▶ **AIM OF THE TASK**: This exercise calls for all the entries that follow to be set down exactly, without their images.

◇ ◇ ◇ ◇ ◇ ◇ ◇

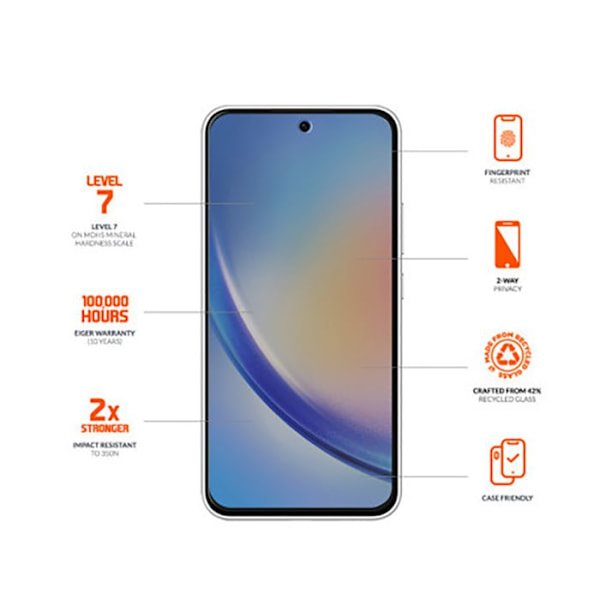 Hærdet glas 2.5D til Samsung Galaxy A35 / A55 Privacy Ultra Robust Eiger Sort transparent Svart
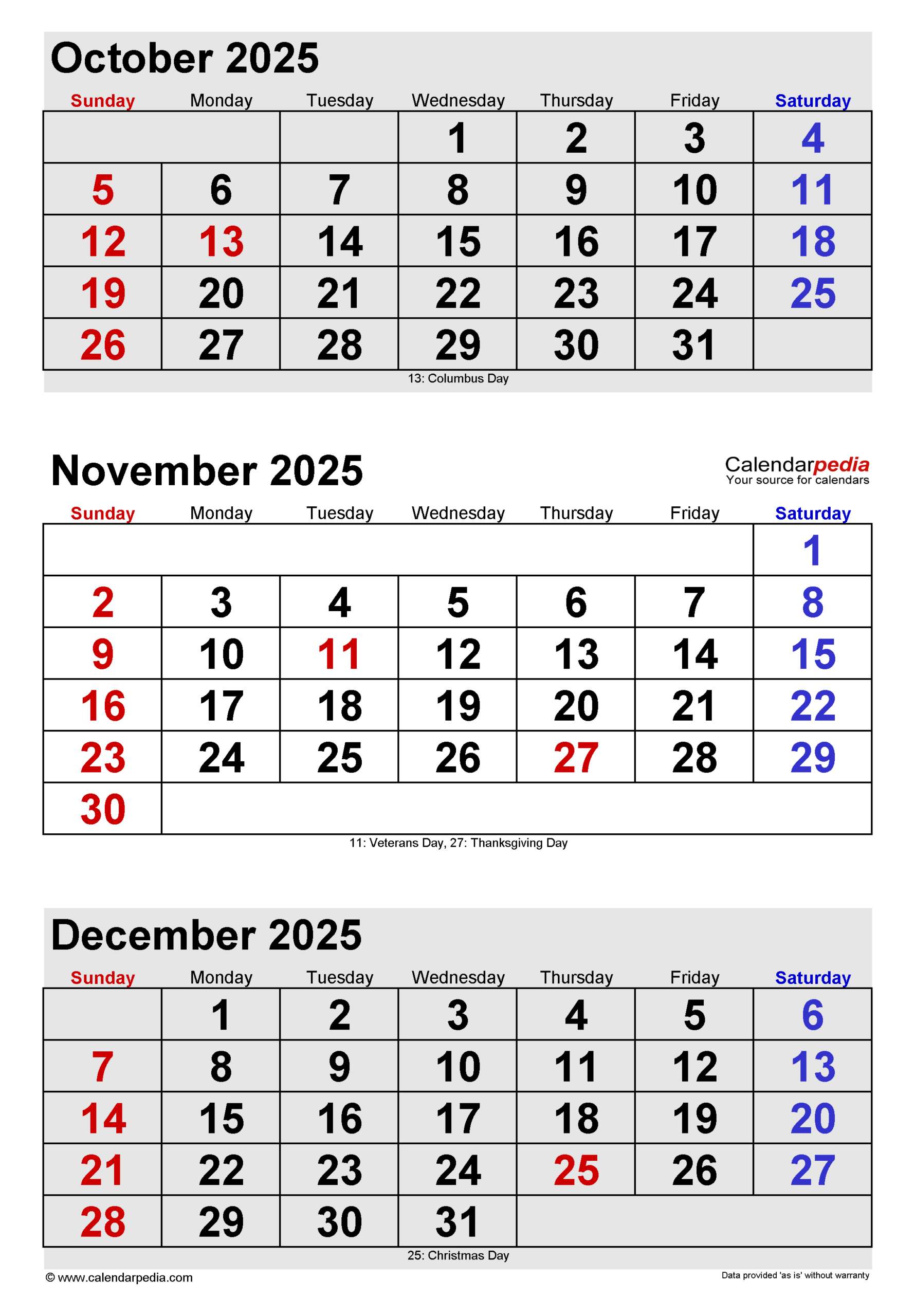 November 2025 Calendar | Templates For Pdf, Excel And Word inside Calendar October November December 2025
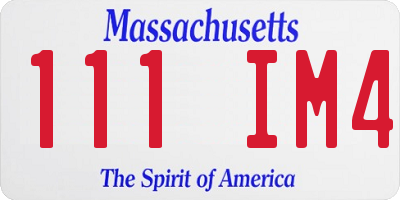 MA license plate 111IM4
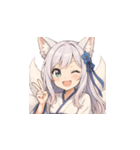 表情豊かな狐少女スタンプ（個別スタンプ：19）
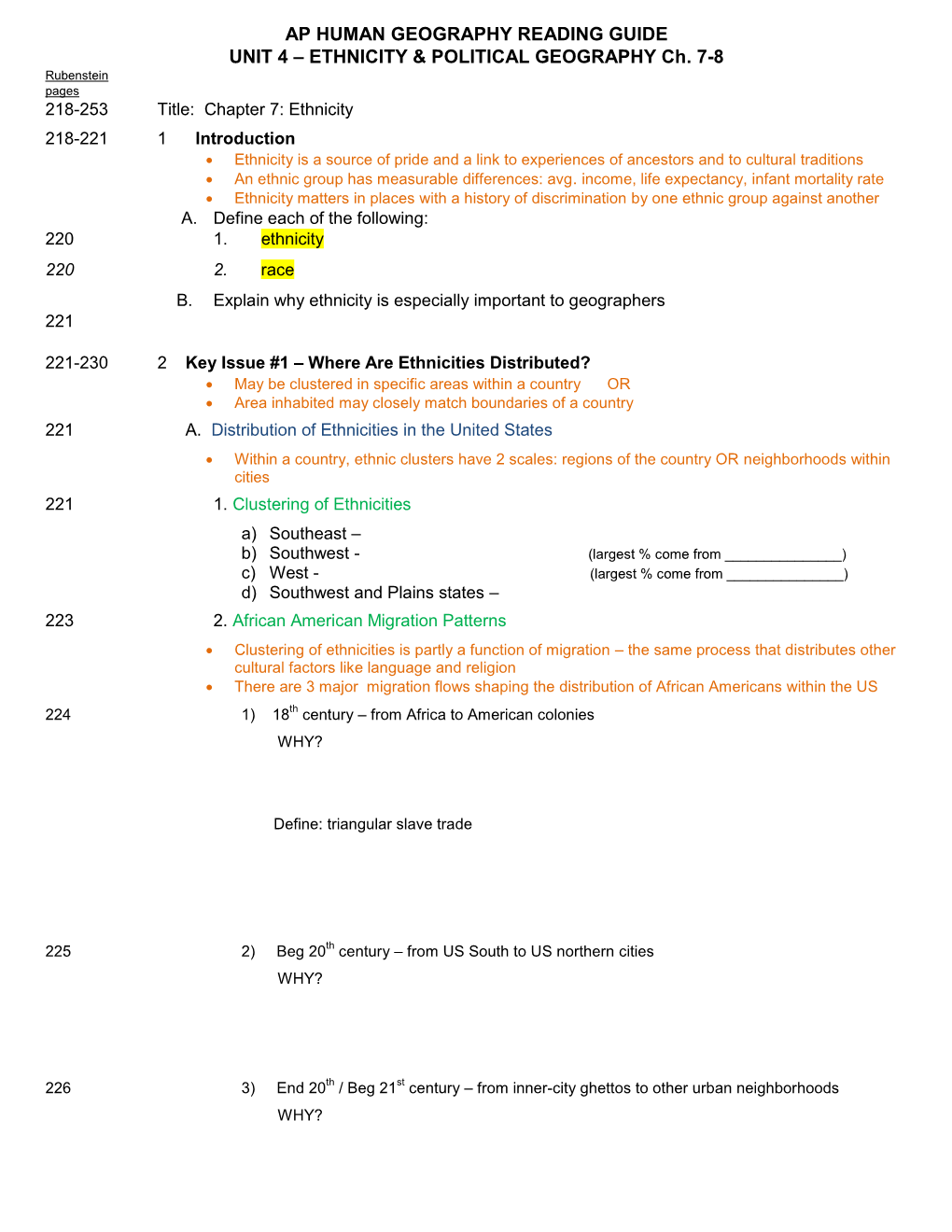 AP HUMAN GEOGRAPHY READING GUIDE UNIT 4 – ETHNICITY & POLITICAL GEOGRAPHY Ch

◇ ◇ ◇ ◇ ◇ ◇ ◇

▶ **OUTPUT BELOW**:
 Hærdet glas 2.5D til Samsung Galaxy A35 / A55 Privacy Ultra Robust Eiger Sort transparent Svart
 November 2025 Calendar | Templates For Pdf, Excel And Word inside Calendar October November December 2025
 MA license plate 111IM4
 表情豊かな狐少女スタンプ（個別スタンプ：19）
 AP HUMAN GEOGRAPHY READING GUIDE UNIT 4 – ETHNICITY & POLITICAL GEOGRAPHY Ch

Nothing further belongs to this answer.